The Fairfax County board of supervisors, spurred by Saturday's house fire in McLean that claimed seven lives, searched yesterday for ways to stiffen legal requirements for smoke detectors in county residences.
By an 8-to-0 vote, the board ordered a review of its police powers to determine whether county officials have the authority to require installation of the devices in all rental units and in single-family dwellings that undergo remodeling.
In a separate, unanimous vote, the supervisors also agreed to ask insurance companies to offer financial incentives to policyholders in the county who install the safety devices in their homes.
"Fire detectors, like seat belts, can save your life if you use them," said Supervisor Marie B. Travesky (R-Springfield), who introduced the insurance resolution. "We have to keep trying to get the message across."
It is doubtful that yesterday's decision to review the county's constitutionally granted police powers will have much immediate impact on the county's fire safety efforts.
In a 1978 opinion, Virginia Attorney General J. Marshall Coleman told officials in neighboring Alexandria that they lacked legal power to set mandatory smoke detector requirements. Subsequent efforts by that city's ligislators to get a new law passed have been rebuffed repeatedly by the General Assembly.
"I wish them luck [in Fairfax County], but they'll probably have as much success as we did," said Alexandria Fire Chief Charles Rule yesterday. Rule said local jurisdictions' hands re tied by a "Mickey Mouse" state building code that requires smoke detectors be installed in structures built after 1974.
Montgomery County, by contrast, requires that the devices be installed in all residences regardless of the age of the building. A similar measure will take effect in the District of Columbia in 1981.
While some insurance companies offer a discount of 2 percent to home owners who have installed smoke detectors, Allstate, one of the largest insurance carriers serving Fairfax County, does not.
"We would encourage everyone to have them in their homes, but we do not offer any discounts at present," said Allstate spokesman Buzz Harvey, who noted that smoke detectors may save lives but offer no guarantee of reducing property damage from fire.
Harvey said many battery-operated home smoke detectors are useless in any event because consumers fail to replace the batteries regularly. "I have a smoke detector at home and I have no idea whether the thing would go off or not," he said.

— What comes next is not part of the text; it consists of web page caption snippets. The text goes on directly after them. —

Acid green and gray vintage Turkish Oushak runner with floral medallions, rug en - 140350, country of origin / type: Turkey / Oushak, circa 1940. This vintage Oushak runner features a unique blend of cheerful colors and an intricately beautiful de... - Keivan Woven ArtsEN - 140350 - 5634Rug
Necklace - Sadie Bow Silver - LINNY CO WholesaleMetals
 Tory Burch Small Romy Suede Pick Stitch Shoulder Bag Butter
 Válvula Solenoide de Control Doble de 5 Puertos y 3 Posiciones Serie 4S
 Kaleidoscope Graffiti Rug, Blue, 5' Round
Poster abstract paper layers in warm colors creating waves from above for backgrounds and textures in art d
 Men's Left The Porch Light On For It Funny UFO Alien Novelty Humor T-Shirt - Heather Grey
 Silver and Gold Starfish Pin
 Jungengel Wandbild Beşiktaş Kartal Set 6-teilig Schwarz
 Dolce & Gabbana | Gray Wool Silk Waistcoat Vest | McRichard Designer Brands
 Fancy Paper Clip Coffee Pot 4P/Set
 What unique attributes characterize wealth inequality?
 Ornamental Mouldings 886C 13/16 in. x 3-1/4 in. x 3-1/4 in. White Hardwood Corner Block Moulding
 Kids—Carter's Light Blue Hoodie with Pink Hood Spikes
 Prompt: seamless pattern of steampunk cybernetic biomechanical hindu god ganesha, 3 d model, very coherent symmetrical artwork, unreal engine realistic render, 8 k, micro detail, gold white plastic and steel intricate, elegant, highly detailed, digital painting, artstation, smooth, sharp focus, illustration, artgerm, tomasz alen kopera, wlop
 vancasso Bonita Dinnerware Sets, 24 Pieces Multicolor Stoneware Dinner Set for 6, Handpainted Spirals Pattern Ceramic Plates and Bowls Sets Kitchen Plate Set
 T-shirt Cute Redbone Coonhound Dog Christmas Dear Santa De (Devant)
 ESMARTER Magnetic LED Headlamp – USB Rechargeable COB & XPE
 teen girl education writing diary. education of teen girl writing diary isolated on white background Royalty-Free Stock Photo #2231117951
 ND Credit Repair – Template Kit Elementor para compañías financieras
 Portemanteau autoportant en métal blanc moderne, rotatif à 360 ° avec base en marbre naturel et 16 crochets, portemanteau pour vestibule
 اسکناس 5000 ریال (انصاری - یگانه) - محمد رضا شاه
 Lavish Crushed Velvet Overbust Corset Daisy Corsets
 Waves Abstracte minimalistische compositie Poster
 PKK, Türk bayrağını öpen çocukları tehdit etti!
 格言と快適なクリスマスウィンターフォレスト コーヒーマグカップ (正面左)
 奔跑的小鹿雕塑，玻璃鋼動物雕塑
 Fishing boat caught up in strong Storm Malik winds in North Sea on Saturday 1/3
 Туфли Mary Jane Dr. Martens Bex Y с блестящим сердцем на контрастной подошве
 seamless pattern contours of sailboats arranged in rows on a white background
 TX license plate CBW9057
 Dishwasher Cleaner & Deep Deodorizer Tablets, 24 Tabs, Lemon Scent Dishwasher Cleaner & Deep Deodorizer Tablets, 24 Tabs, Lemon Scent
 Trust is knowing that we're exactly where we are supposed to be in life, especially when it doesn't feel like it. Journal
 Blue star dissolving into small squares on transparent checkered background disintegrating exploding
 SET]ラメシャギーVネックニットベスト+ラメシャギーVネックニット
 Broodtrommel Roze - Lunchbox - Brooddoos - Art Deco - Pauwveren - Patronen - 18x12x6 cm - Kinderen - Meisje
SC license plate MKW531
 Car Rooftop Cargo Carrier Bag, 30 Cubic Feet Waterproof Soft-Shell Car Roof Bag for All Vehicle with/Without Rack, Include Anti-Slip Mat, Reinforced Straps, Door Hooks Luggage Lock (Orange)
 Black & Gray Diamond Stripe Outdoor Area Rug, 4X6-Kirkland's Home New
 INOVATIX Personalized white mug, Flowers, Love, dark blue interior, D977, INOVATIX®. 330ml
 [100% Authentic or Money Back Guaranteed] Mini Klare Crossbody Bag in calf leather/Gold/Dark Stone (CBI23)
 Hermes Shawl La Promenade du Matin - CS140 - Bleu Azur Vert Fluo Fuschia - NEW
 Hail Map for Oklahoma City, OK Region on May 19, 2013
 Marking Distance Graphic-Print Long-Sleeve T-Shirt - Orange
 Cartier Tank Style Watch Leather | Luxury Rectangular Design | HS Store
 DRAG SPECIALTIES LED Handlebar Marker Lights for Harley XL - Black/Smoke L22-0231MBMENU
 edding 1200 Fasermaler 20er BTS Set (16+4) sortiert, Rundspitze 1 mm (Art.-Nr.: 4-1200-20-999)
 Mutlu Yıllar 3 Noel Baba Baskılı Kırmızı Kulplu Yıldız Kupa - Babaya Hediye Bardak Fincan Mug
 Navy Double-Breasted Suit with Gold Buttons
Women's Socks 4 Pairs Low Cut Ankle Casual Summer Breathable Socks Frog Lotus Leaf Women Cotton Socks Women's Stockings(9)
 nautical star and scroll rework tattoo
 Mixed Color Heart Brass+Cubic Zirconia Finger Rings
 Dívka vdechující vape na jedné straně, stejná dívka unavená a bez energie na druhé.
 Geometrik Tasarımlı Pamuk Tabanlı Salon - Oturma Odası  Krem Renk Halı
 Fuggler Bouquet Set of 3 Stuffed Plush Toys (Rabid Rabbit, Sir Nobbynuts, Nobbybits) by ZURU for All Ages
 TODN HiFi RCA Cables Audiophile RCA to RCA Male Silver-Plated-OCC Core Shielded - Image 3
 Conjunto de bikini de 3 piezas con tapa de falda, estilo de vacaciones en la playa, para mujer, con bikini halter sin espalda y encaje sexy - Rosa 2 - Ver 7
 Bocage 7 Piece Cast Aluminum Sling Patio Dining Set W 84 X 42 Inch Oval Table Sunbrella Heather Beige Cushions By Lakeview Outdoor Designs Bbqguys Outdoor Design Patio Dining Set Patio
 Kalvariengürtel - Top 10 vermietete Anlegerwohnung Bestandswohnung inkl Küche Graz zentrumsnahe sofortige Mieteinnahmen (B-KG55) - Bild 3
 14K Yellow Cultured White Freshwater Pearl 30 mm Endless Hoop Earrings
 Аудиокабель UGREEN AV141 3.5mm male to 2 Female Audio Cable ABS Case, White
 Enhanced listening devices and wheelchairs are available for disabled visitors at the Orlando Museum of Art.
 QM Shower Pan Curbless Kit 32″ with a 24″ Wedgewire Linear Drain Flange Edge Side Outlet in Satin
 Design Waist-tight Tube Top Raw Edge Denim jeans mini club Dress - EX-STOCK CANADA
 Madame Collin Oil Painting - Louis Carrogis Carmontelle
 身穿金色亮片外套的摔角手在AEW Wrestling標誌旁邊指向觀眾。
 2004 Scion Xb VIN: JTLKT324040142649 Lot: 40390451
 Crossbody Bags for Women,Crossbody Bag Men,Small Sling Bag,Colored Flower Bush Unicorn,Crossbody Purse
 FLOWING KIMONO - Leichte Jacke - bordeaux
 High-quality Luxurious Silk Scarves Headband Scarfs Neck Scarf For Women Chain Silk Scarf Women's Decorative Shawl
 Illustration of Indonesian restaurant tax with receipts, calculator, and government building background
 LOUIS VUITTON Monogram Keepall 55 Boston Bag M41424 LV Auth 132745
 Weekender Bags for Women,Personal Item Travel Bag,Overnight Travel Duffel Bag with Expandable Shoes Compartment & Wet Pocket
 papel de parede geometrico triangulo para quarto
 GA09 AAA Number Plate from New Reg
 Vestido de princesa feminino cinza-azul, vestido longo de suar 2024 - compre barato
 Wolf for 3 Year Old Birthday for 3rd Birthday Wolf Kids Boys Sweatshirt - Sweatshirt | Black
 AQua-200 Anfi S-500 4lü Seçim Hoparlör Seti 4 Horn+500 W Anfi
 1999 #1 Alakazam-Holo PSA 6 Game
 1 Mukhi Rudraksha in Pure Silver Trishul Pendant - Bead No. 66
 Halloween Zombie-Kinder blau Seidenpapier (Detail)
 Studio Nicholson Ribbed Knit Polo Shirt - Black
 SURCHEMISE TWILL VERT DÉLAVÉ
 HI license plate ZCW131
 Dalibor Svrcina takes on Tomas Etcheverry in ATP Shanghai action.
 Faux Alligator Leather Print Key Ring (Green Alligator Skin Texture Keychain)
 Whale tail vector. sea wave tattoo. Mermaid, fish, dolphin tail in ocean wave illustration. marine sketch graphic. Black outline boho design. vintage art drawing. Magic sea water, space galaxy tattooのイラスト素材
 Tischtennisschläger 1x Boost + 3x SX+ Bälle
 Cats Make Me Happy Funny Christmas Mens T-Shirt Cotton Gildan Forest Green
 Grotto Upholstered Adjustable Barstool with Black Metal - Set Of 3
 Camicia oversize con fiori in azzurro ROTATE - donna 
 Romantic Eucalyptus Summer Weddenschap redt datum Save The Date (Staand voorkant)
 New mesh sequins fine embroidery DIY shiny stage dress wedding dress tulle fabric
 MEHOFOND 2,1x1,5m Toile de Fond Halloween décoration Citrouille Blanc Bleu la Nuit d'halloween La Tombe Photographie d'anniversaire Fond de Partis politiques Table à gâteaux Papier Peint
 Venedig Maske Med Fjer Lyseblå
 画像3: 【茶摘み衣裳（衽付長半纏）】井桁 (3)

According to insurance industry figures, prevailing discount rates, which offer savings of less than $5 a year on a policy for a $60,000 home, do little to encourage the use of the devices.
In one recent year, only seven percent of those holding State Farm Insurance home owner policies qualified for the smoke detector discount, according to company spokesman Jerry Parsons. "It's really more of a goodwill type thing than anything else," he said.
The victims of Saturday's early morning fire at 2014 Great Falls St. died of smoke inhalation, according to autopsy results released yesterday.